The are `8` events that can be schedules in a week, then
The total number of ways that the schedule has at least one event in each days of the week is

To solve the problem of scheduling 8 events in a week such that there is at least one event scheduled each day, we can follow these steps: ### Step 1: Understand the Problem We have 8 events and 7 days in a week. We need to ensure that each day has at least one event scheduled. ### Step 2: Distribute Events Since we have 7 days and we want at least one event on each day, we can start by assigning 1 event to each of the 6 days. This accounts for 6 events. ### Step 3: Assign Remaining Events After assigning 1 event to 6 days, we have 2 events left (8 total events - 6 assigned events = 2 remaining events).
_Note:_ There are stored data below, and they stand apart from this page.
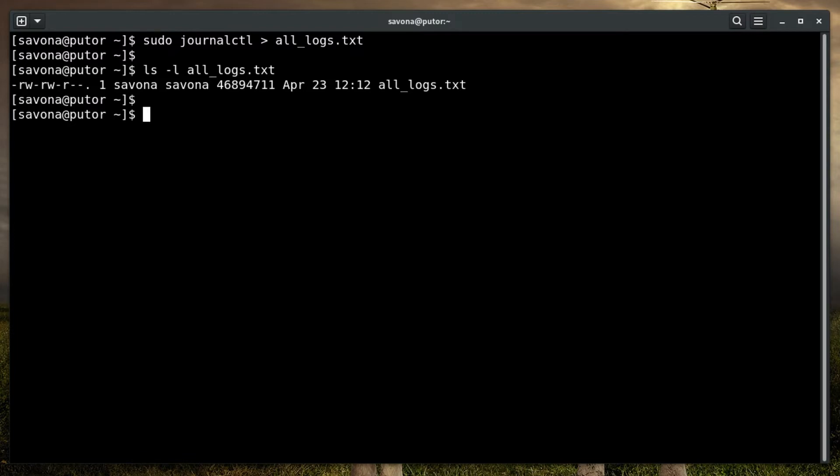In our Viewing Logs with Journalctl Primer, we show you how to refine your searches with journalctl. You can use any of those options, or a combination of those options, to export only the logs you want.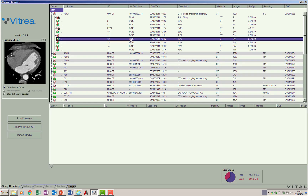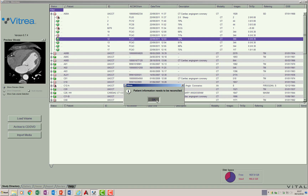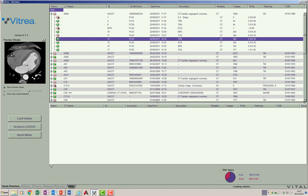We have different studies in this directory of a software called Vitrea, made by a company called Vital Images. I'm choosing one of the series from a patient labeled as A-zero-zero and loading this series in the software.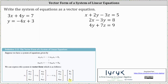Looking at our first system, notice the second equation is not in standard form. Therefore we need to add 4x to both sides of the second equation. So the first equation remains the same, and if we add 4x to both sides of the second equation, we have 4x plus y equals three.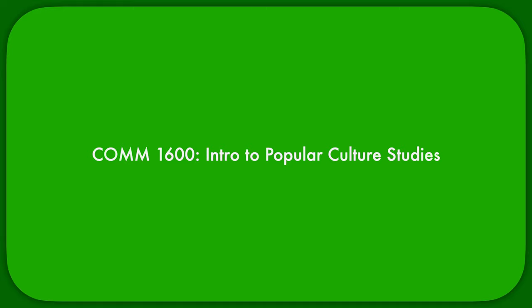Welcome to the first video lecture of COM 1600, Intro to Popular Culture Studies for the Spring 2021 semester. This course is about what people do with popular culture and what popular culture does to everyday life and society.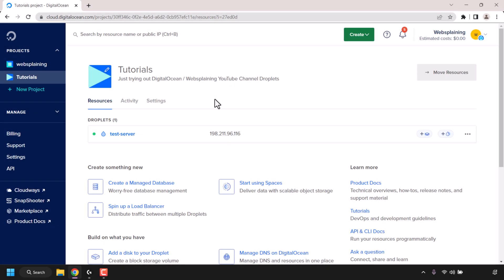How to delete projects in DigitalOcean. The very first thing you need to do is sign in to your DigitalOcean account. Once you've done that you'll be taken to your DigitalOcean dashboard.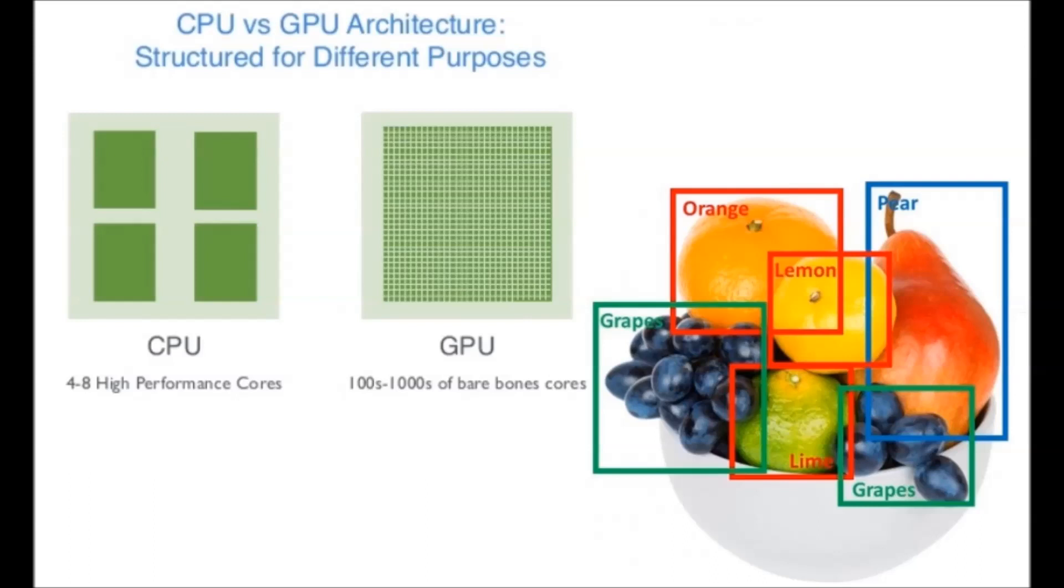In any event, I'll go ahead and demonstrate the drastic performance difference we see when our object detection workload is run against the CPU and when it is run against the GPU.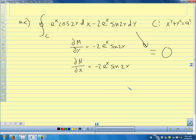Any questions on Green's theorem? We will talk more about Green's theorem next time, and give an introduction to why Green's theorem is actually a special case of some other theorems we'll discuss later.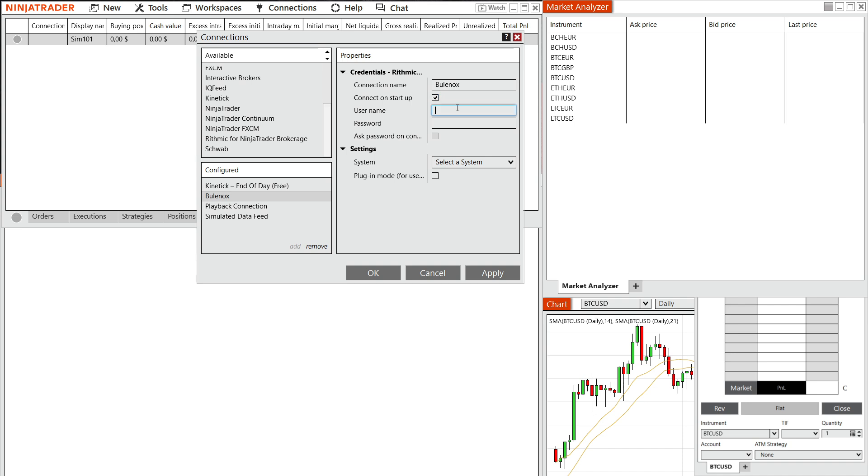And then here, you'll have to put in your username and password you use to actually sign in to rhythmic from Bullinox. So basically, when you created your Bullinox account, you will get your username and password for the rhythmic trader. And then essentially, you will just have to simply sign in using those same credentials that you use to actually sign into rhythmic, with your Bullinox account.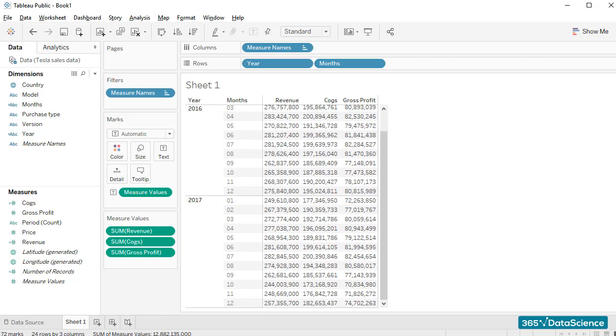Most executives, and by most, I mean all of them, prefer receiving tables that contain totals and subtotals. This makes it easier for them and helps them digest information in a faster way.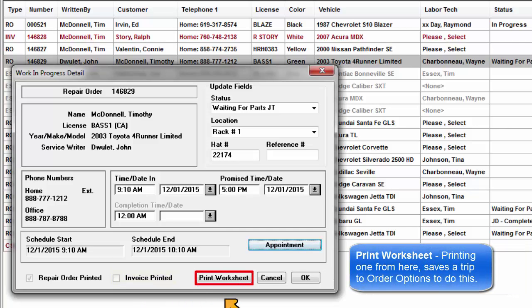Print tech worksheet is a shortcut to print a tech worksheet from here, saving you a trip to order options.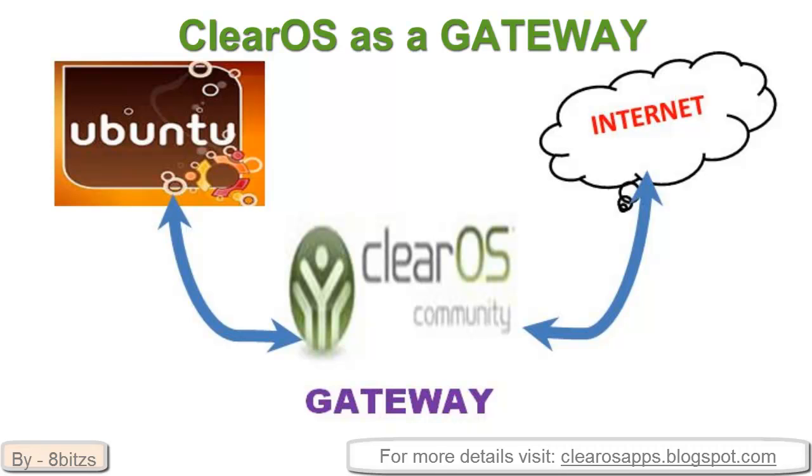Hi guys, welcome to 8 Bits. This video is about how to configure a gateway between two operating systems. Here I am using ClearOS and Ubuntu, so network flows through ClearOS and goes to Ubuntu. If ClearOS is running, then only Ubuntu can access the internet.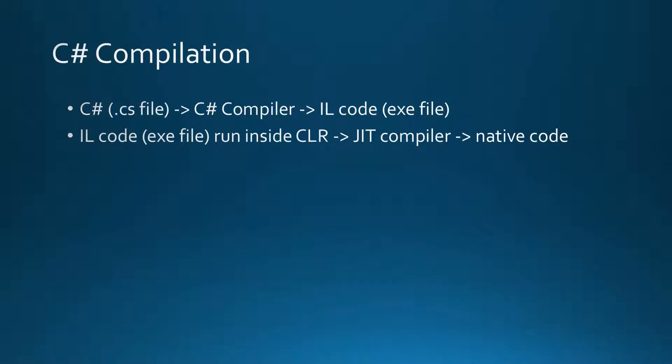We start with the C# .cs file, which is then compiled by the C# compiler into intermediate language code, resulting in the .exe file.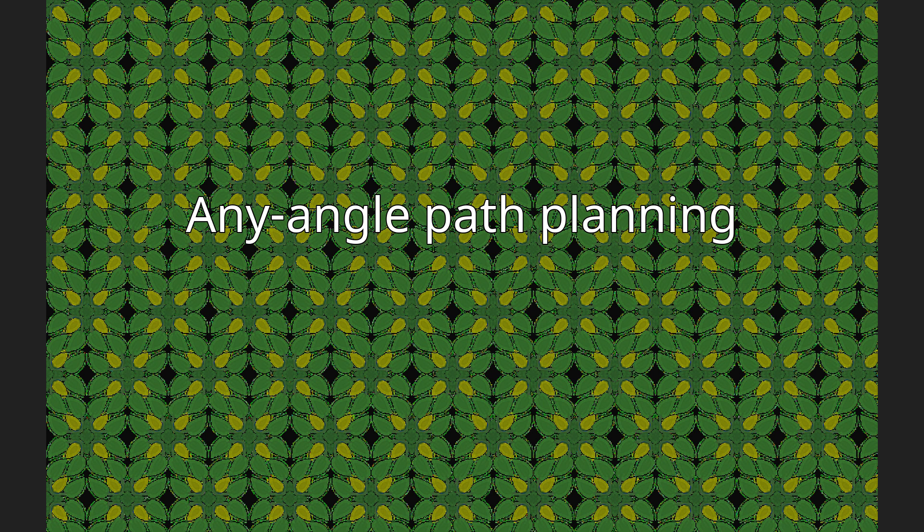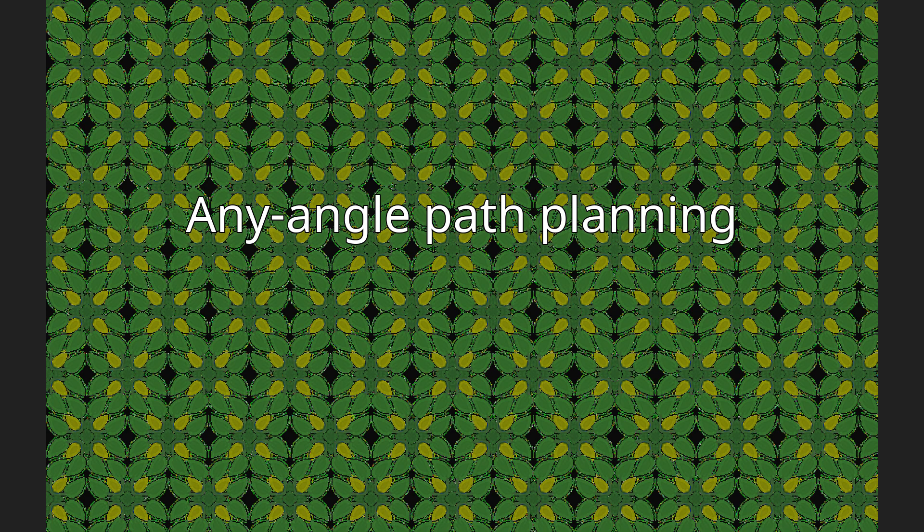Other pathfinding algorithms, such as A*, constrain the paths to a grid which produces jagged, indirect paths.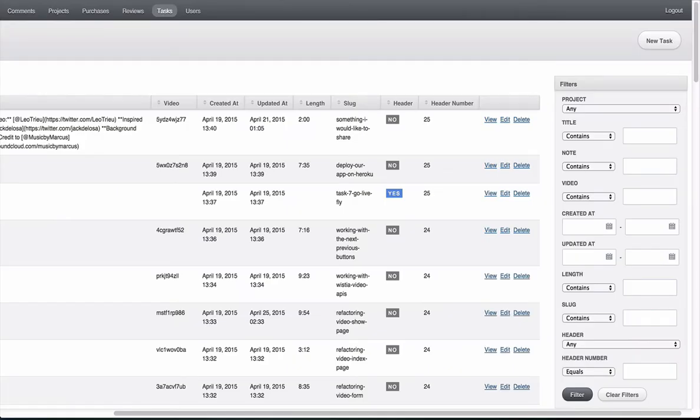One of the outstanding features is the administration system, where the admin can manage everything from the backend easily and quickly.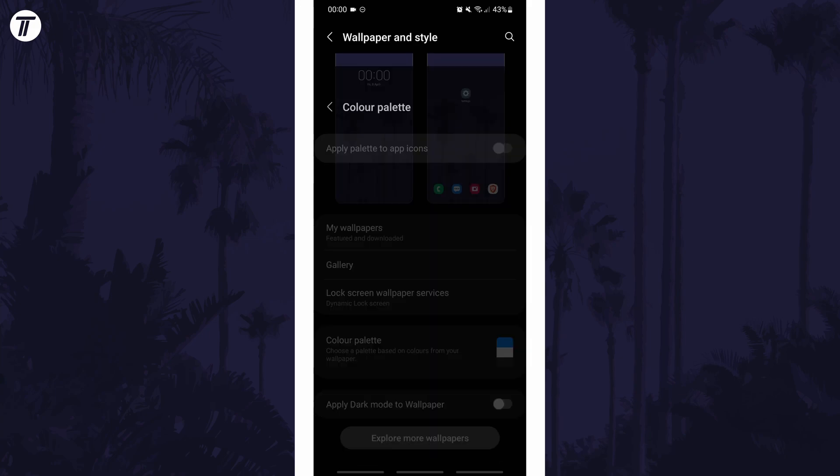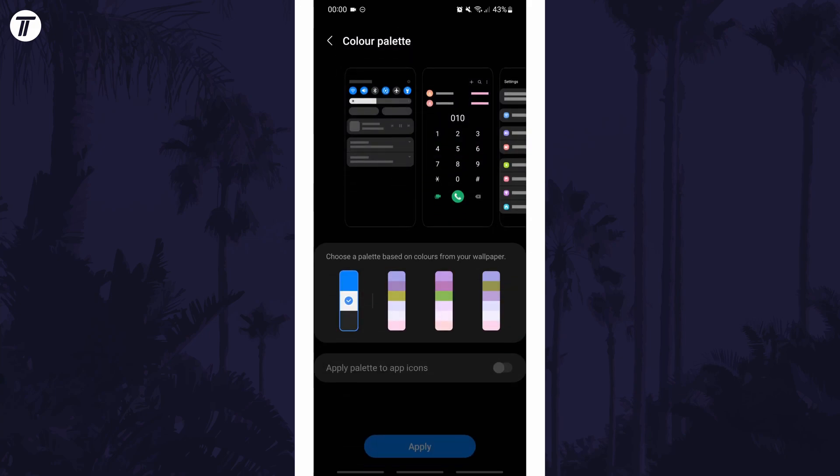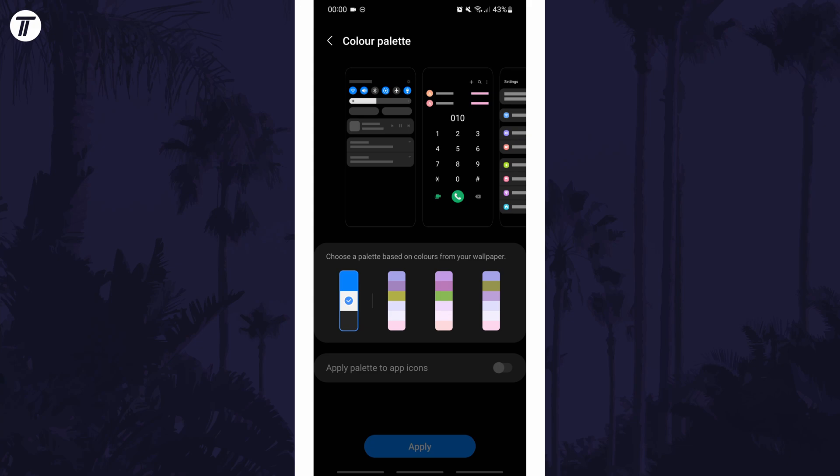Tap on this and then you can choose one of the options available. These colours will be based on the colours on your wallpaper and once you've selected your chosen colour palette, tap on done.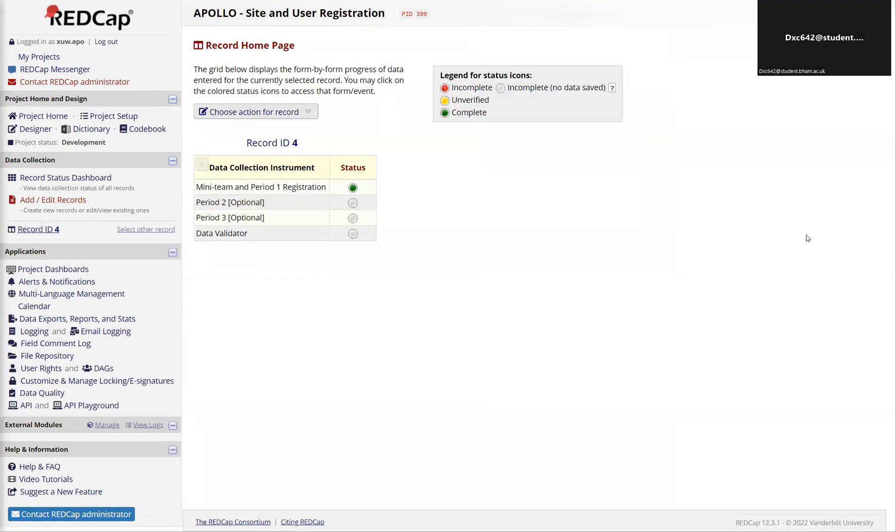Once you have finished registering your team, the REDCap will automatically pick up the relevant emails and we will generate accounts for your team members. Thank you.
We can assign these 2 remaining events to any of the 7 days. ### Step 4: Choose the Day for Extra Events Now, we need to choose which day will have the 2 extra events. We can choose any of the 7 days for this purpose. ### Step 5: Select the Events Next, we need to select which 2 events out of the 8 will be assigned to the chosen day. The number of ways to choose 2 events from 8 is given by the combination formula \( \binom{n}{r} \), where \( n \) is the total number of events and \( r \) is the number of events to choose. This can be calculated as: \[ \binom{8}{2} = \frac{8!}{2!(8-2)!} = \frac{8 \times 7}{2 \times 1} = 28 \] ### Step 6: Arrange the Events Now, we have 7 groups (one for each day) to arrange. The total arrangements of these 7 groups (days) can be calculated using \( 7! \) (factorial of 7). ### Step 7: Combine the Results The total number of ways to schedule the events such that there is at least one event each day is given by: \[ \text{Total Ways} = \binom{8}{2} \times 7! = 28 \times 5040 \] ### Final Calculation Calculating \( 28 \times 5040 \): \[ 28 \times 5040 = 141120 \] Thus, the total number of ways to schedule the events is **141120**.